Growing up, we all promise ourselves we will be NOTHING like our parents. We make mental notes of the way they discipline, the way they humiliate us, and the way they always have a lecture waiting for us in any given situation. I never thought this day would come, but at 28 years old, I find myself looking in the mirror and realizing…I have officially become my mother. I find myself developing similar tastes in things like decor and clothing. (I was anti-floral anything, unlike my mother who pushed colors and patterns on me for two decades, Now, as I peer in my closet, it mirrors that of my mothers. That was just the first traumatizing revelation.)
As I sat having coffee with my girlfriends, who were venting about their love lives, I sipped my latte and the next words out of my mouth were, “Girl, stop ignoring the red flags. If you have any doubt, doubt means NO.” Followed by, “You’re going to have to kiss a LOT of frogs before you find the right guy. Just go play the field.” I think my mother actually took over my body at that moment. I paused in horror after realizing I just gave the same advice I had rolled my eyes at in my teens and early 20s.

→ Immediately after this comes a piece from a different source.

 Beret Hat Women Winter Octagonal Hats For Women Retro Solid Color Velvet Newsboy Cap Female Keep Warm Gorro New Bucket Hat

Perhaps the most troubling moment I had, and the moment I realized there was no going back, was when I hung up a work phone call and instead of my usual “bye,” to conclude the conversation, I added in the extra cringe worthy and awkwardly high pitched “BUH” before the “bye.” I just said “buh-bye.” That just happened. That is something I have mocked my mother for since the beginning of time. This was just the start of me recognizing all of the behaviors and mannerisms that I have developed over time, making me more and more like my mother. Luckily for me, my mom is incredible. Although she is an easy target for jokes, she is an amazing mother and someone worth emulating.
Although young people begrudgingly take advice from their elders, we need to realize that the more wisdom we let in, the better prepared and efficient we will be. It’s like watching a game of tennis. Imagine watching a tennis match against a young player in their 20s and an experienced 60 year old. The young player will run circles around the older player and may hit the ball with more force. But as they tire themselves out, the older player will be more stationary but have the knowledge and experience to be able to place the ball strategically, preventing the younger playing from returning it. My dad shared this analogy with me, as someone who strongly believes in mentorship and listening to your elders. Speaking of my dad…I have also come to the conclusion that at 28 years old, as I become my mother, I have also married my father.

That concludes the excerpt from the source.